Too much connectivity?

I found the video we watched in class about making students more knowledge-able to be quite interesting.  After looking into Hypothes.is, I think it is another nice idea to get more people on the web sharing their ideas and collaborating.  However, with each of these concepts, I find myself wondering how much of people sharing their ideas might be too much.  A lot of people have great ideas worth sharing, yet at the same time, there are a lot of people who tend to ramble about topics that may not be helpful in humanity progressing forward.  Do we really need to know what someone had for breakfast, lunch, and dinner any given day?  What guidelines could be in place for people to contribute and find information that is pertinent and helpful to their professions and lives?  I don’t have a lot of answers to this question, but I would imagine that as this class progresses that I will learn more about this topic.  I figure if this is a question that I am asking myself, other people are likely curious about it as well.  After taking Preparing Future Professoriate, my eyes were opened more to the amazing impact that technology has had on education.  I look forward to becoming more knowledge-able about ways that we as educators can best use technology for learning and collaboration.

5 thoughts on “Too much connectivity?”

  1. Good question. It makes me think of the open-source model, where folks can contribute to an idea/project/etc, but there is typically a moderator who is responsible for keeping everyone on topic, fact checks, and more.

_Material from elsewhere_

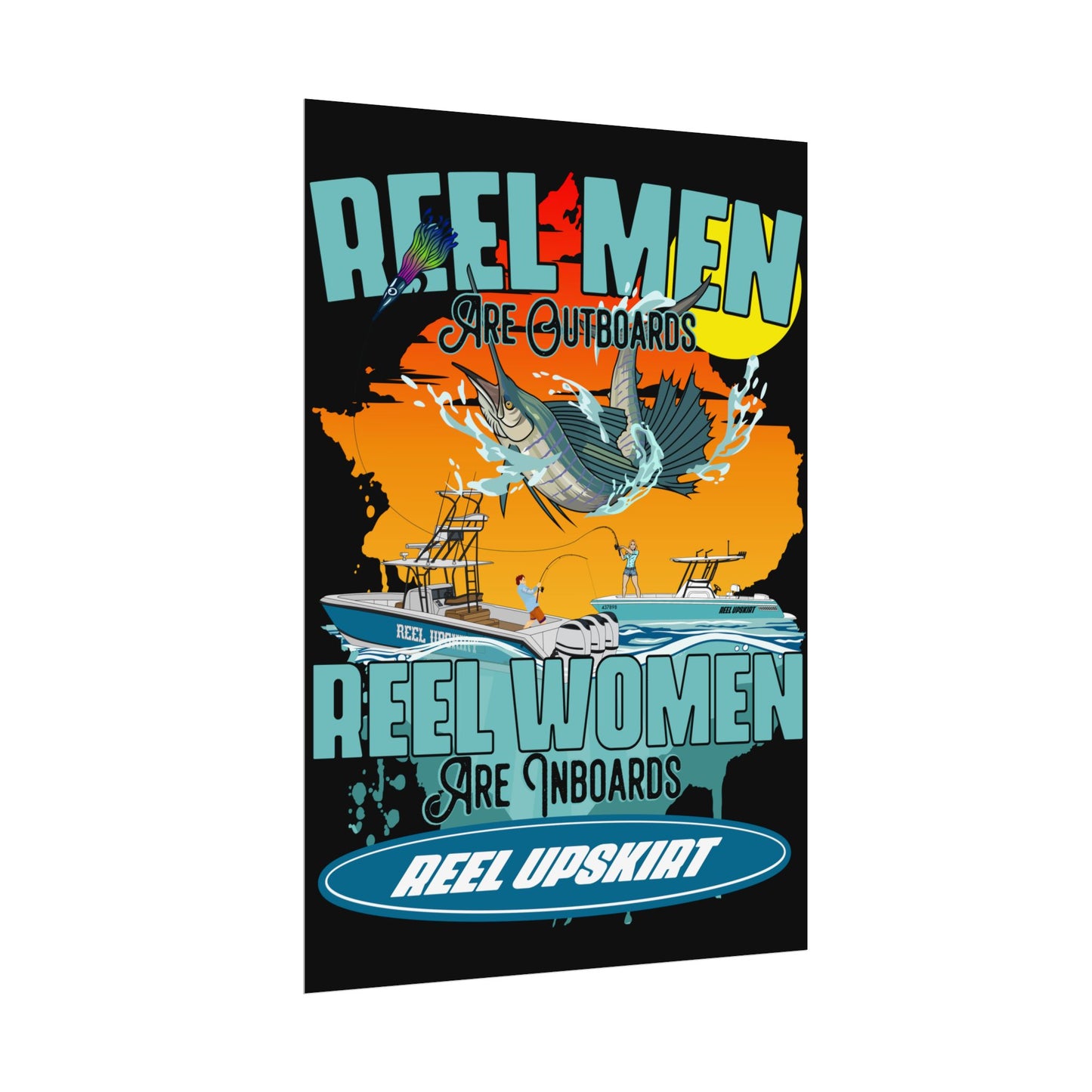 Poster: Reel Men Are Outboards, Reel Women Are Inboards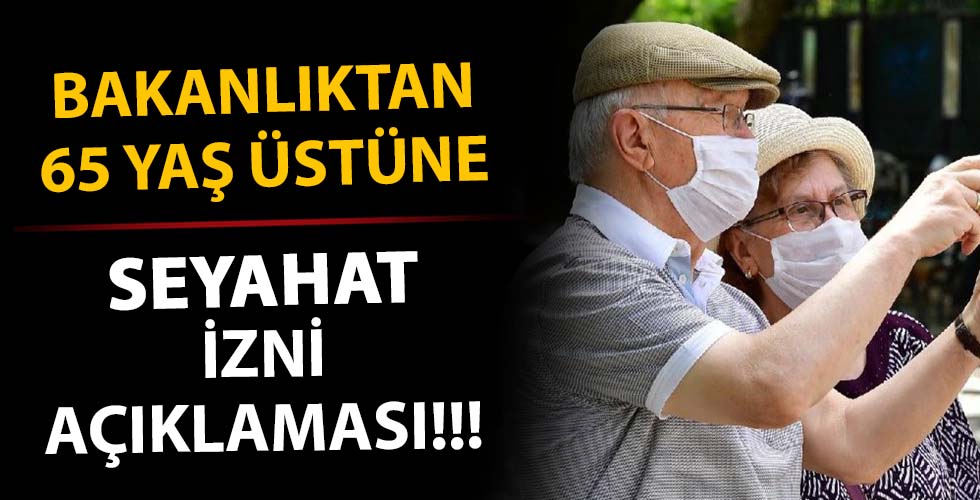 İçişleri Bakanlığı'ndan 65 yaş üstüne seyahat izni açıklaması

Maybe that is one of the many answers to your question.

  2. I’ll go out on a limb and say, “No, I dont need (or want) to know what you had for breakfast!” But I do want to know what you think about the course material — what resonates with you, what helps you see things in a new light, how you can imagine incorporating some of these approaches into your teaching praxis. And the blog posts are really helpful in that regard. And since the rest of the class reads them as well, you get several sets of eyes on your work, and thus more opportunity for dialogue – which is where the learning happens. At least that’s the plan!

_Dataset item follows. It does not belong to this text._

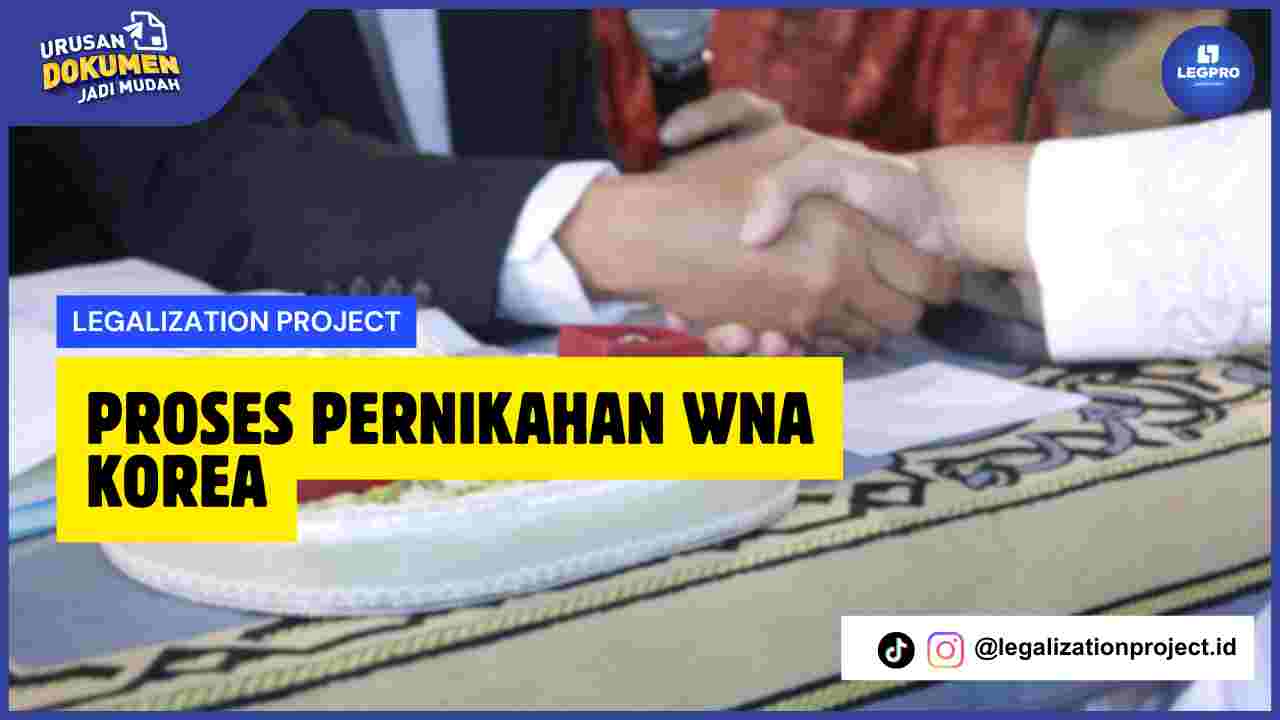 Proses Pernikahan WNA Korea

  3. I definitely agree that there are lot of information out there. You have brought up a very valid point about how not everything shared is “helpful.” Therefore, I think that it is critical that we have to train ourselves to be able to filter out the “noise” in the data that is available. We as a society have to be able to think critically about all the information that are relayed to us. I would much rather have too much information, than not enough. I personally find it easier to get rid of things than to generate it.

  4. I had a bowl of Fruit Loops for breakfast….ah wait I’m guessing you might not find that important. When I look at it, I personally feel that the line is drawn where you feel something is common knowledge/where there not much room for debate. If I’m doing something and I feel it is common knowledge then I would not be as likely to blog about it. But if I’m working on something that I’m struggling to understand or working through something in a way that I feel has not be covered before I would be likely to blog about it. One other thing to take into consideration is your audience. I think looking at who your audience is will help guide you.

  5. Yes, I agree that we expose to too much information from the web, and really need good judgement to select their ideas. So my question is how to train ourselves to be able to filter out the “noise”. Because in most classes, the instructor selects the learning materials for us and we don’t have a choice. Therefore, training students’ skills of filtering out “noise” will be an very important task for educators.